In the entries that follow, find the line containing "Karlsruhe, BW PRODERMIS"; from there, copy every line exactly through the line containing "부산 지방분해주사 리포사".

Records for this task.
*** Begin section ***
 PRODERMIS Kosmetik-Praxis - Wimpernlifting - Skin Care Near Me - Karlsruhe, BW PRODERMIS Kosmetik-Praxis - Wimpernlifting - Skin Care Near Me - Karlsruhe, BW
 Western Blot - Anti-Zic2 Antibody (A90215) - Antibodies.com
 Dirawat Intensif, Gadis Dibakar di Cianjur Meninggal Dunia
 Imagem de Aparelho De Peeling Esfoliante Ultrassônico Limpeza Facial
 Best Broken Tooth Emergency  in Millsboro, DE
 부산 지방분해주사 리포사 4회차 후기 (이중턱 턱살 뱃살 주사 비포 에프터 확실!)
*** End section ***
*** Begin section ***
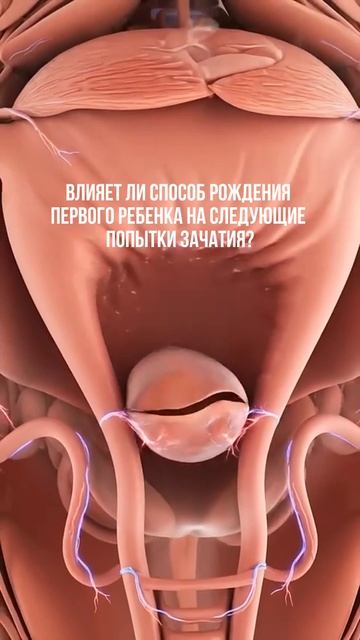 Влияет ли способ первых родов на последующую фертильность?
*** End section ***
Reply to the task.
 PRODERMIS Kosmetik-Praxis - Wimpernlifting - Skin Care Near Me - Karlsruhe, BW PRODERMIS Kosmetik-Praxis - Wimpernlifting - Skin Care Near Me - Karlsruhe, BW
 Western Blot - Anti-Zic2 Antibody (A90215) - Antibodies.com
 Dirawat Intensif, Gadis Dibakar di Cianjur Meninggal Dunia
 Imagem de Aparelho De Peeling Esfoliante Ultrassônico Limpeza Facial
 Best Broken Tooth Emergency  in Millsboro, DE
 부산 지방분해주사 리포사 4회차 후기 (이중턱 턱살 뱃살 주사 비포 에프터 확실!)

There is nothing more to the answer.